PDA

View Full Version : Sisoft GPGPU benches


Florin
28-Nov-2009, 14:52
So Sisoft Sandra 2010 Lite (http://www.sisoftware.net/index.html?dir=dload&location=sware_dl_3264&langx=en&a=) is out and it now includes a pretty comprehensive set of GPGPU benchmarks, including OpenCL, DirectCompute, Nvidia CUDA and ATI Stream components for measuring both processing and memory bandwidth. Might be interesting to see some results.

However I'm running into some issues with the CUDA and DirectCompute benchmarks. Both of these consistently generate the 'Display driver nvlddmkm stopped responding and has successfully recovered.' error. This happens both on my Windows 7 i7 860 system with GTX280, and on a Vista AthlonX2 4200+ machine with a GTS8600 (this last system doesn't offer the DC benchmark btw, even though the platform update and DX11 redist are installed). Both are running WHQL driver 195.62 but the same happens with other drivers. Anyone on Nvidia able to run these 2 benchmarks succesfully?

trinibwoy
28-Nov-2009, 16:55
Thanks for the heads up. My single precision and internal bandwidth numbers for a GTX 285 @ 702/1584/1350:

CUDA - 461.5 MP/s, 132.5 GB/s
OCL - 462.5 MP/s, 132.1 GB/s
CS - 534.6 MP/s, 129.4 GB/s

Davros
28-Nov-2009, 19:19
why would bandwidth differ depending on api ?
it suggests its not being measured properly

Florin
28-Nov-2009, 19:30
I imagine that multiple runs of each type of test would show minor differences as well. The results are so close that the spread might not be statistically significant.

Tim Murray
28-Nov-2009, 19:52
I'm more than a little confused as to how switching to CS gets you a 15-20% performance improvement.

trinibwoy
28-Nov-2009, 20:58
No idea but the results are repeatable. Did notice one thing though, during the compute test my system goes completely unresponsive (no mouse) when running the CUDA version. That doesn't happen when running OCL or CS.

Tim Murray
28-Nov-2009, 21:07
How long does the CUDA run last? (I am a lazy dude so I haven't installed it myself)

trinibwoy
28-Nov-2009, 21:25
cuda: 2:15
ocl: 0:37
cs: 1:01

Tim Murray
28-Nov-2009, 22:53
somehow I do not think these tests are exactly equivalent!

trinibwoy
29-Nov-2009, 03:52
Downclocked shaders to 1400Mhz and got the following:

OCL - 376 MP/s
CUDA - 409 MP/s
CS - 460 MP/s

So now there's separation between OCL and CUDA as well.

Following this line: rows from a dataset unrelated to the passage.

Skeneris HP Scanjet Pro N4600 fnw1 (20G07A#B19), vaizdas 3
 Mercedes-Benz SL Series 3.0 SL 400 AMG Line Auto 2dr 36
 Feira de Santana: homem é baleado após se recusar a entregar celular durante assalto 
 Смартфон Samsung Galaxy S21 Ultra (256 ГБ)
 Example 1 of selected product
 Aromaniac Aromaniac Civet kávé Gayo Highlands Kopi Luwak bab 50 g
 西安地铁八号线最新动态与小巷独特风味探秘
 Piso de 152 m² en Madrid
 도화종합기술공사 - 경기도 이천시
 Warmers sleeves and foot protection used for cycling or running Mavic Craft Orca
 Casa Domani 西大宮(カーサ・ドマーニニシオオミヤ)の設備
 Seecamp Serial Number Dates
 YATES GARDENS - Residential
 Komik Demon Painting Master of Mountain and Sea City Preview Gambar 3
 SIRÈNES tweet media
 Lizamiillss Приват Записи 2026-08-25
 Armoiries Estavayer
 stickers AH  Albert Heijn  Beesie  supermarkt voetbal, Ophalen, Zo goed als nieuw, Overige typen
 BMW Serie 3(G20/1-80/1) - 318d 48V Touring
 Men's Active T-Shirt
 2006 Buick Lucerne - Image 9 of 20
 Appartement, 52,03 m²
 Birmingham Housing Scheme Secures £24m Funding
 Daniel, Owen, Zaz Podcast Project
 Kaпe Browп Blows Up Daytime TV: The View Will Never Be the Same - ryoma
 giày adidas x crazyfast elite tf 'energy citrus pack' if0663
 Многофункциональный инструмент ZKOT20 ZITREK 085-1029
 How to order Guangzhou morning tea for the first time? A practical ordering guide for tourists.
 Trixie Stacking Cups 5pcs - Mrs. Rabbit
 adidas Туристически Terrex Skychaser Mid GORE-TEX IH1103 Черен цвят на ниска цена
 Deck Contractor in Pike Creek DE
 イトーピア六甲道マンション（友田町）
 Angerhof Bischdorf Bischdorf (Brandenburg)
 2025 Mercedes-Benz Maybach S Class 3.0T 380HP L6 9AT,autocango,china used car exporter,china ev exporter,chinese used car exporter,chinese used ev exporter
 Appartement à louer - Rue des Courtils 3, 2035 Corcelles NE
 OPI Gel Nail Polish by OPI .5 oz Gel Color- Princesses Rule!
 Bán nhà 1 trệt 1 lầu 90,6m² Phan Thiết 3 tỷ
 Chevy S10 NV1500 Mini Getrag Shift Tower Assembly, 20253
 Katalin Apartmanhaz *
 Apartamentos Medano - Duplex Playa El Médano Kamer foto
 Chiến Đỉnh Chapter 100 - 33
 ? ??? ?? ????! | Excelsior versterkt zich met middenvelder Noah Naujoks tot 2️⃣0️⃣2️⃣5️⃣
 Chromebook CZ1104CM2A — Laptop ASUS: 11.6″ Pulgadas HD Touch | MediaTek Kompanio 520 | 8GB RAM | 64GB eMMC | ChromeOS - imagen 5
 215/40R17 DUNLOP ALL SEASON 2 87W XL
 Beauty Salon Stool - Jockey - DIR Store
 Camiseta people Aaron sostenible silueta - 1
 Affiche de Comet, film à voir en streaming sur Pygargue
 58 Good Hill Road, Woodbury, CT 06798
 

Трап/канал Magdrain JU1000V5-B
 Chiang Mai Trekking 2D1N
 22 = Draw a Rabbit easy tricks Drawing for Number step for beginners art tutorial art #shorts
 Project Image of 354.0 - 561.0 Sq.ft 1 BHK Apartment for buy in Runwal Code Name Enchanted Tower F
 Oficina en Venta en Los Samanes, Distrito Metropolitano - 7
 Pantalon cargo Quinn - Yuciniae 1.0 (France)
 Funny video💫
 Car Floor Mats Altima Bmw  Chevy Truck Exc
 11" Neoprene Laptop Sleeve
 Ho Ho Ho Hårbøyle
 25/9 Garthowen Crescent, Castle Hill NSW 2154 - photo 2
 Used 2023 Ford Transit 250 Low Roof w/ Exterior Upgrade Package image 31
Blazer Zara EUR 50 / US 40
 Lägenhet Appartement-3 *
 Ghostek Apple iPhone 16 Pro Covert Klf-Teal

Weird.

Tim Murray
29-Nov-2009, 05:48
so clocks dropped ~12% but your OCL performance dropped 20%? uhh, this really is a weird bench, I guess.

CarstenS
29-Nov-2009, 11:02
Seconded, my GTX280 clocked at 602/1296/1107 (ref) score less than a 9800 GTX+ which is in Sandra's reference list of devices.

Forrest
29-Nov-2009, 21:03
I'm more than a little confused as to how switching to CS gets you a 15-20% performance improvement.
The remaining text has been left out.